The Cyberspace Administration of China (CAC) released the long-awaited Regulation on the Standard Contract for the Export of Personal Information (China SCC Regulation) on 24 February 2023, as well as the annexed Standard Contract (China SCCs). This marks that the Standard Contract mechanism proposed under the Personal Information Protection Law of China (PIPL) effective from November 2021 is now finally a reality.

The Regulation will take effect from 1 June 2023 and market players have an additional 6-month grace period to enter into the China SCCs for existing cross-border data transfers (ie by 30 November 2023).

The China SCCs share a fair amount of similarities with the EU’s Standard Contractual Clauses for international data transfer (EU SCCs), whereas maintaining significant unique features, which international entities should note when implementing them and coordinating multi-jurisdictional data compliance.

Similarities

Fixed form

Article 46 of EU’s General Data Protection Regulation (GDPR) provides that data exporter may adopt various appropriate safeguards to transfer personal data out of the EEA, among which include the EU SCCs.
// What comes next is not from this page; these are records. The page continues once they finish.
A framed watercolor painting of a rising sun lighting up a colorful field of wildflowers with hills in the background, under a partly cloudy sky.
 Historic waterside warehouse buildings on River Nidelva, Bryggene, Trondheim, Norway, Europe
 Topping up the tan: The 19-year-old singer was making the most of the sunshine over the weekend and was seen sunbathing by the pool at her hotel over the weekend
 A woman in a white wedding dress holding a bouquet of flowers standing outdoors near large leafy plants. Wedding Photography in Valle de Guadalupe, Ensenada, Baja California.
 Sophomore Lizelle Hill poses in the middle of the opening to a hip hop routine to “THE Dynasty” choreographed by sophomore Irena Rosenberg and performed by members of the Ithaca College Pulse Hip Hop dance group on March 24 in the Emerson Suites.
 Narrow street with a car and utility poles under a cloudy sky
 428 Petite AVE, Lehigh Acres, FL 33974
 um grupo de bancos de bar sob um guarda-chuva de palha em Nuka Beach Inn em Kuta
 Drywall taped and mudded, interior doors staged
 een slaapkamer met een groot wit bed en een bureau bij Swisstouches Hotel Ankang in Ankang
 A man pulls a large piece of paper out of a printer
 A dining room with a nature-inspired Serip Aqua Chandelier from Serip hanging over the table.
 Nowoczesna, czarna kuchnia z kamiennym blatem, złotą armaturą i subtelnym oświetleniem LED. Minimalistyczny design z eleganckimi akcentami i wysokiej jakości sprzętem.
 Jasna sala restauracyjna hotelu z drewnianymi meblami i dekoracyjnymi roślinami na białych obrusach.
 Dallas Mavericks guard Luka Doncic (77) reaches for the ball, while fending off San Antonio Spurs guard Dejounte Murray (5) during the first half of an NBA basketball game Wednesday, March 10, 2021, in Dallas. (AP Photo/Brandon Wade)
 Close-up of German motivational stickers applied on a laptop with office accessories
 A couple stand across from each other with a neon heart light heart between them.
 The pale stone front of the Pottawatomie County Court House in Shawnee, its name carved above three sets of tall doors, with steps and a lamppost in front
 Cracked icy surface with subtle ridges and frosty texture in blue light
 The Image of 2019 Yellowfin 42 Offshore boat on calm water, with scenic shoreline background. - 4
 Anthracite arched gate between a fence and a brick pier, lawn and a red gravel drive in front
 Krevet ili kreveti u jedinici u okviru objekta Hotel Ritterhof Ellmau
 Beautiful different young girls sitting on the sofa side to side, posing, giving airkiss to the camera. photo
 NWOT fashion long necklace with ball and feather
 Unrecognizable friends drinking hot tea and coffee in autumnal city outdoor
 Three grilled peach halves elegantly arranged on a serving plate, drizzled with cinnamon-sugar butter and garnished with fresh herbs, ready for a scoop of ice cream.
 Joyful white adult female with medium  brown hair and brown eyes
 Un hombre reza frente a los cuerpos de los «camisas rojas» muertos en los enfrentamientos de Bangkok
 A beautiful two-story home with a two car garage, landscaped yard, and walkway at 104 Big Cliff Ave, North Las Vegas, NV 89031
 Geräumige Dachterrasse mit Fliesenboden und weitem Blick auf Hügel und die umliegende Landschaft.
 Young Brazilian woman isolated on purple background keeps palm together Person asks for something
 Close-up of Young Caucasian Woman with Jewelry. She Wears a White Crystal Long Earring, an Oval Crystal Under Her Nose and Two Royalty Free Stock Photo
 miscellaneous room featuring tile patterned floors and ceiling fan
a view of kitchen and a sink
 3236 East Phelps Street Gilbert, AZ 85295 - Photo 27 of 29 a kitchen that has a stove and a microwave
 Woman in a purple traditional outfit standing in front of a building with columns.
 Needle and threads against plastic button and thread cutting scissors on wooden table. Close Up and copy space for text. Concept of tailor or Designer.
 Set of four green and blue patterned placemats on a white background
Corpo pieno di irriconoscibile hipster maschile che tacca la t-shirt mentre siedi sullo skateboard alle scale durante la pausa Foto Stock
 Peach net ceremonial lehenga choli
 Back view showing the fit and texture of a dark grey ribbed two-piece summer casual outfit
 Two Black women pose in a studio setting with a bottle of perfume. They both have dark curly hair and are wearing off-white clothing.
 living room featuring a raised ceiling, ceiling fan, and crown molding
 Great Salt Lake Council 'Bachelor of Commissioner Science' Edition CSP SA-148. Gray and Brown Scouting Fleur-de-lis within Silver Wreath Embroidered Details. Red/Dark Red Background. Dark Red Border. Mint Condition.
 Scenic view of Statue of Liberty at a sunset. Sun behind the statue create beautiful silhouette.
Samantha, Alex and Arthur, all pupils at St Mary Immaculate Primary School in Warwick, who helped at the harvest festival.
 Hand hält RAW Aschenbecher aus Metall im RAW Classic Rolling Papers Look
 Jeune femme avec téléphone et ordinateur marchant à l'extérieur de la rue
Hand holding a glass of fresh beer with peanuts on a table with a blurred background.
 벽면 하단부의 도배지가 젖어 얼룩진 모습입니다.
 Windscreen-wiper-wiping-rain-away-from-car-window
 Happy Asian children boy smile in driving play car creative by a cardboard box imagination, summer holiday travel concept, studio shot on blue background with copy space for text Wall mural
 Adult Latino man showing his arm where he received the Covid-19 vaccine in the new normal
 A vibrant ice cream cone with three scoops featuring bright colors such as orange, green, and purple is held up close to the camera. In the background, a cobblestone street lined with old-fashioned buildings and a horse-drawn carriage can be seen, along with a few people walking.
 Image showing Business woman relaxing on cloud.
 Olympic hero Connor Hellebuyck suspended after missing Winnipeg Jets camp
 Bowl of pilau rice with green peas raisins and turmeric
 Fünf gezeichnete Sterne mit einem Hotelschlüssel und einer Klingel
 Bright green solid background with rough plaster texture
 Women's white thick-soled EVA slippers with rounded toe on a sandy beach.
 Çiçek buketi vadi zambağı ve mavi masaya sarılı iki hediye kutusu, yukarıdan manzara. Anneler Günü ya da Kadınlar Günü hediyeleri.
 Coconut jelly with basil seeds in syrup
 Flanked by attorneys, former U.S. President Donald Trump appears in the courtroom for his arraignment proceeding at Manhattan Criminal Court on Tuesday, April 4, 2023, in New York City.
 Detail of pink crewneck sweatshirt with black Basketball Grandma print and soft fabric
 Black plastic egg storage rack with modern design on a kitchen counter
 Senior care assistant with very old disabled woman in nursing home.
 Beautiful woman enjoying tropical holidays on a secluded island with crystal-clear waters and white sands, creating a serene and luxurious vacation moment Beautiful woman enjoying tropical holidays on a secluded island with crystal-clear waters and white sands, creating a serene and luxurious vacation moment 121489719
Clause 2 of the EU SCCs spells out that the clauses are deemed appropriate safeguards pursuant to the GDPR provided that they are not modified, except that the parties may select the appropriate module, include the EU SCCs in a wider contract, or add additional safeguards, etc.

Article 6 of the China SCC Regulation requires that the China SCCs must be executed strictly in accordance with the annex of the China SCC Regulation. Data exporters and data importers may agree upon additional clauses, provided that they are not in conflict with the China SCCs. Such additional clauses shall be set out in the appendix of the China SCCs and constitute a part of the entire agreement.

On one hand, both the EU SCCs and the China SCCs are invariable; on the other hand, there are some irreconcilable differences between the two sets of terms (eg the governing law and dispute resolution clauses). Therefore it is impossible for an international entity to modify one of them (eg by adding additional clauses) to cover the requirements under the other. If an international group is transferring personal data from within EU to be out of the EEA and from within mainland China to be outside of mainland China, it must have signed both the EU SCCs and the China SCCs. In practice we often see international groups using Intra-Group Data Transfer Agreement (IGDTA) to facilitate data sharing among group entities. Now they need to incorporate both the EU SCCs and the China SCCs into their IGDTA.

Hierarchy of effect

Clause 5 of the EU SCCs provides that in the event of a contradiction between the EU SCCs and the provisions of related agreements between the parties, the EU SCCs shall prevail. Clause 9 of the China SCCs sets out a similar provision.

The agreement adopted by market players (for example the IGDTA mentioned above) must clarify the hierarchy of effects of different model clauses, ie the China SCCs shall prevail when it involves transferring personal information out of mainland China, while the EU SCCs shall prevail when personal data is transferred out of the EEA.

Impact assessment

Both the EU SCCs and China SCCs are accompanied with the requirement of conducting impact / risk assessments on the proposed data transfers, which may be a challenging task to complete in practice.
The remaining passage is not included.